Why You've Been Referred to a UK Pension Transfer Specialist

You live outside the UK. You have a defined benefit (DB) pension, also known as a final salary scheme, from a former employer. Your financial adviser has identified it as something worth reviewing and has now told you that, before anything can happen, you need to speak to a UK-based pension transfer specialist firm called Purely Pensions.

This probably feels like an extra layer of complexity. In fact, it's a legal requirement, and understanding why it exists will help you make sense of everything that follows.

Since the introduction of pension freedoms in 2015, the law has required that a suitably authorised FCA-regulated adviser must advise on any transfer of safeguarded benefits worth over £30,000 before the transfer can proceed. This applies wherever in the world you live. Your overseas adviser, however qualified they are in their own jurisdiction, almost certainly does not hold the FCA permission required to give this advice. Purely Pensions does.

The FCA explicitly recognises that non-UK residents considering a pension transfer are likely to need advice from two separate firms: an overseas adviser for investment and specific pension provider advice, and a UK adviser for advice on the actual proposed transfer of safeguarded benefits. This two-adviser structure is the correct and recognised framework for expats in your position, and this is why the FCA formerly brought out a guidance paper, elaborating and formalising the two-adviser (sometimes known as “dual-adviser”) model.

So the referral to Purely Pensions is not unusual. It's how the process is supposed to work.

Who Are Purely Pensions (Purely Financial)?

Purely Pensions is the trading name used by Purely Financial for their defined benefit pension transfer specialist service. They are FCA-authorised and hold the specific regulatory permission required to advise on DB pension transfers, a permission that requires their advisers to hold the AF7 qualification (Level 6 Award in Regulated Pension Transfer Advice) alongside a full Level 4 Diploma in Financial Planning.

Their model is built around what is sometimes called the overseas advice model. They work with international financial advisers around the world, firms advising expats in the US, Europe, the Middle East, and elsewhere, by stepping in as the UK-regulated specialist piece when those firms' clients have a DB pension to review.

Their job is narrow but critical: to independently assess whether transferring your DB pension is in your best interests, and to produce a formal suitability report that either recommends the transfer or advises you to retain your benefits. That report is required by your pension scheme trustees before they can process any transfer.

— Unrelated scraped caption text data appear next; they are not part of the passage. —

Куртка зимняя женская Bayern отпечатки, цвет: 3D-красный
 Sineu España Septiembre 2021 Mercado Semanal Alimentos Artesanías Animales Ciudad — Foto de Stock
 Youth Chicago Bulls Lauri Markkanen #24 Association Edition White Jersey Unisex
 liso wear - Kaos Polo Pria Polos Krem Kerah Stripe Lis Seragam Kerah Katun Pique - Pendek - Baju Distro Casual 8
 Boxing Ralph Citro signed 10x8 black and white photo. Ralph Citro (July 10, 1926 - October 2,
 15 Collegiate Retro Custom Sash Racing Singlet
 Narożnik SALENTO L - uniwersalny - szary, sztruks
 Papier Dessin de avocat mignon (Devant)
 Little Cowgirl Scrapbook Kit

The fact that they focus specifically on this, rather than trying to be a full-service wealth manager, is actually a feature, not a limitation. DB transfer advice is highly specialised, carries significant regulatory scrutiny, and requires advisers with specific qualifications and professional indemnity insurance. Purely Pensions has built its firm around doing this one thing properly.

Is Purely Pensions a Good Choice?

For the DB transfer advice itself, the regulated UK piece, Purely Pensions, is a credible, FCA-authorised specialist operating in a legitimate and well-understood part of the market. If you can verify their FCA registration and confirm their advisers hold the requisite qualifications, you have no particular reason to be concerned about the UK advice process they will provide.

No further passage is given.